According to Ukrainian presidential advisor Mykhailo Podolyak, Russian forces had engaged the Ukrainian National Guard in battle.
The first video from the captured Chernobyl nuclear power plant. Ukraine's PM Shmyhal has confirmed that the exclusion zone and all the NPP facilities have come under the control of the Russian forces. pic.twitter.com/D1da62UiRV— Tadeusz Giczan 🇺🇦 (@TadeuszGiczan) February 24, 2022
IAEA expresses concern about Ukraine's nuclear facilities
He was further quoted by Reuters as saying, "It is impossible to say the Chernobyl nuclear power plant is safe after a totally pointless attack by the Russians."
"This is one of the most serious threats in Europe today," he added.
The International Atomic Energy Agency's (IAEA) general director, Rafael Mariano Grossi, said that Ukraine had informed the agency about "unidentified armed forces" taking control of the Chernobyl plant and that there were no casualties or destruction at the industrial site.
The agency added that it was following the situation with "grave concern" and called for "maximum restraint" to avoid putting any of the country's nuclear facilities at risk.
Apart from Chernobyl, Ukraine has four other nuclear power plants, all of which are active, according to Australian media ABC News.
Chernobyl itself is the site of Europe's worst nuclear disaster, when the plant's reactor No. 4 exploded on Apr. 26, 1986, spewing radioactive material into the atmosphere.

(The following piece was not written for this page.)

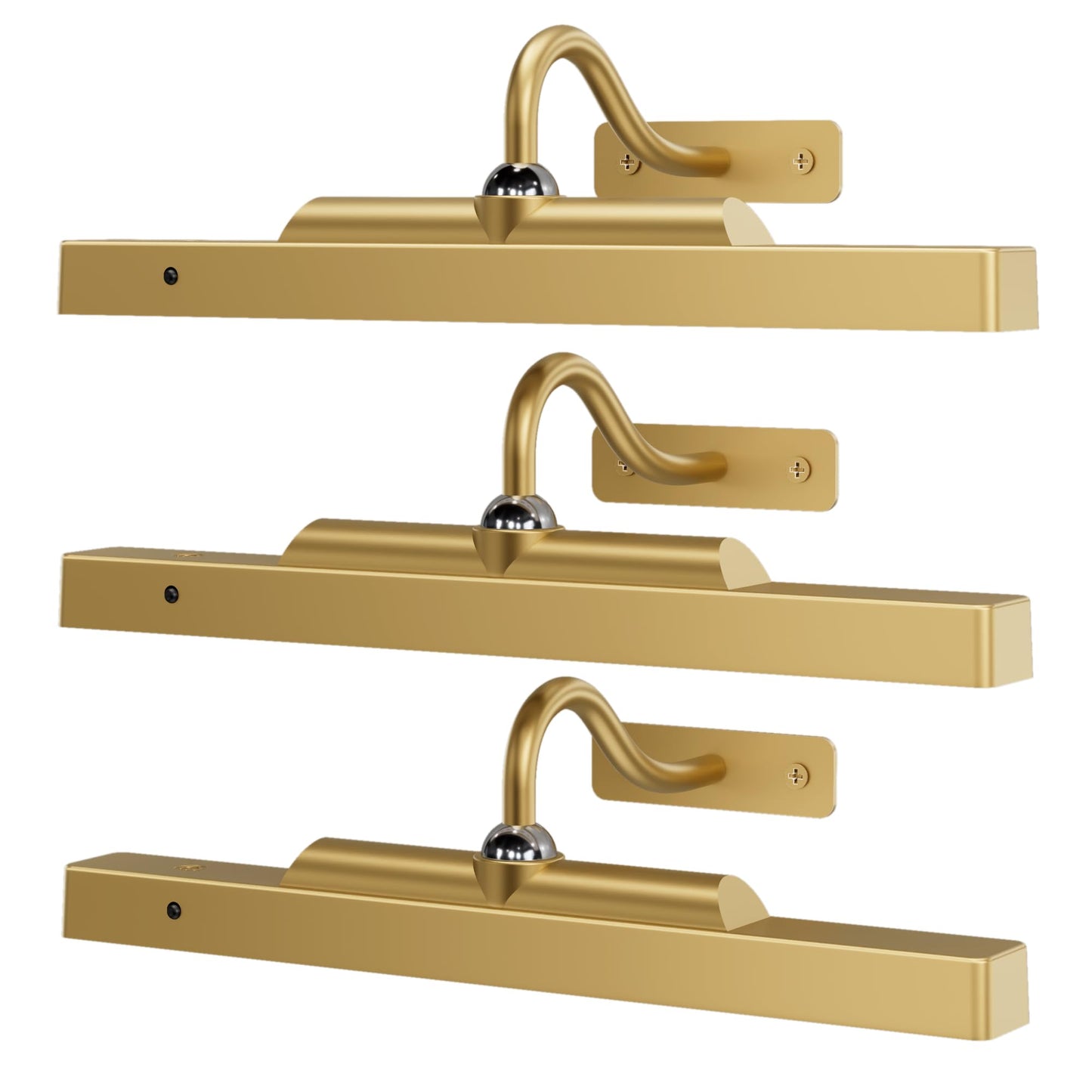 Craftersmark Gallery Lights for Wall 3 Pack, 12" Rechargeable Picture Lights, Cordless Remote Dimmable LED for Portrait Hallway Decor (Antique Gold)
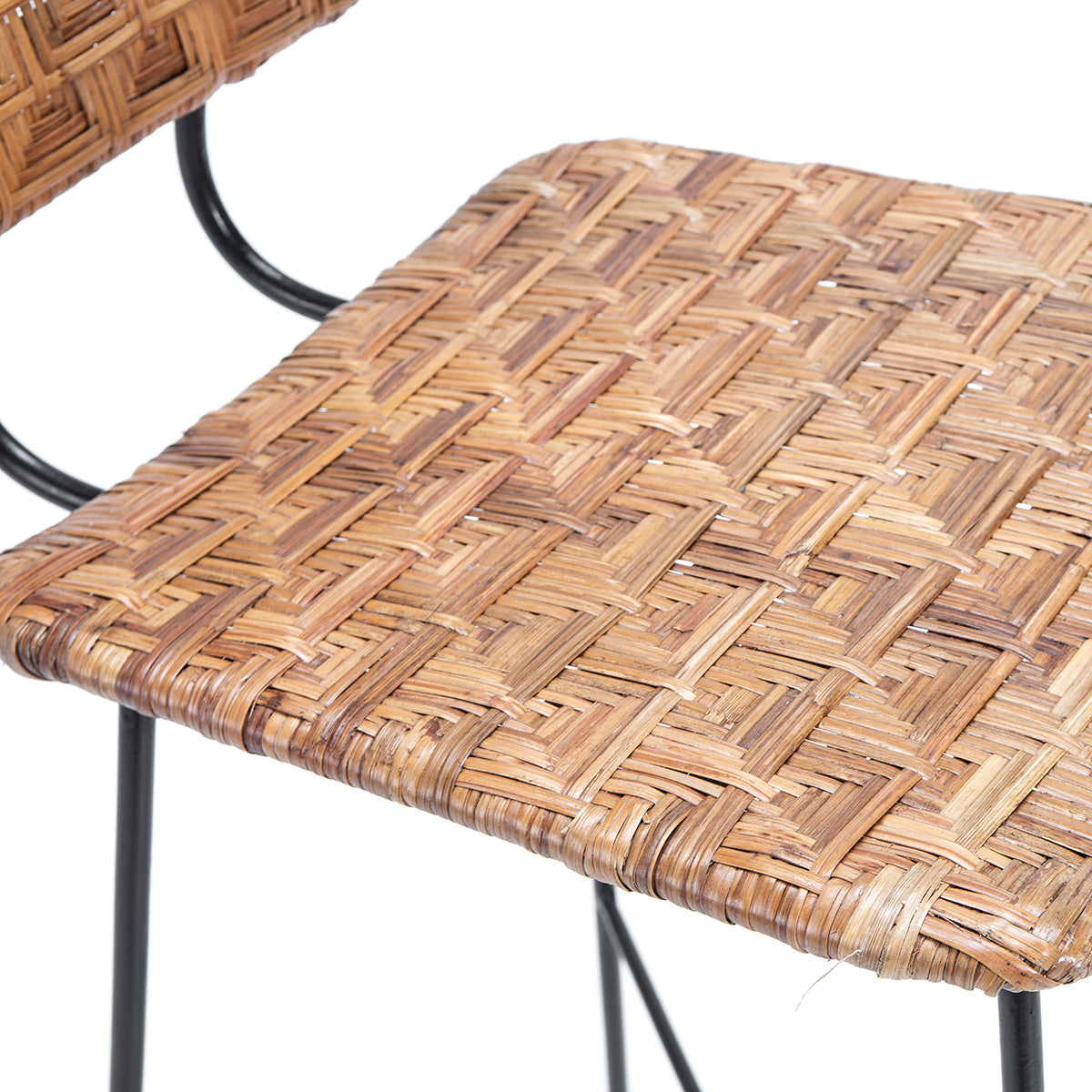 Scaun Bar din Metal Negru Nuiele Naturale Thai Natura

In 2017, a massive shelter was built over the reactor's building to contain radiation which was still leaking out, AP News further reported.
The site has also become a tourist attraction over the decades. A week before Russia's invasion of Ukraine on Feb. 24, it was closed to tourists.
Why are the Russians taking control of Chernobyl?
According to Reuters, Chernobyl's significance lies in its geography as it sits on the shortest land route from Belarus to Kyiv, Ukraine's capital.
The distance from reactor No. 4 to Kyiv is 108km.
In addition, Belarus currently serves as one of the staging grounds for Russia's invasion into Ukraine, according to CNN.
Chernobyl is therefore seen as a "stepping stone" towards Kyiv, ABC News further reported, according to professor of international security and intelligence studies at Australian National University's Strategic and Defence Studies Centre, John Blaxland.
A senior analyst with the Australian Strategic Policy Institute, Malcolm Davis, also said that it did not make sense for Russia to use Chernobyl as a threat when it already has nuclear weapons.
"I think there has to be concern that any heavy fighting in that immediate vicinity could potentially cause a new nuclear disaster.
But I don't think the Russians sought to control Chernobyl for the sake of controlling Chernobyl — it's more a point of controlling Chernobyl as a key location to support the advance on Kyiv."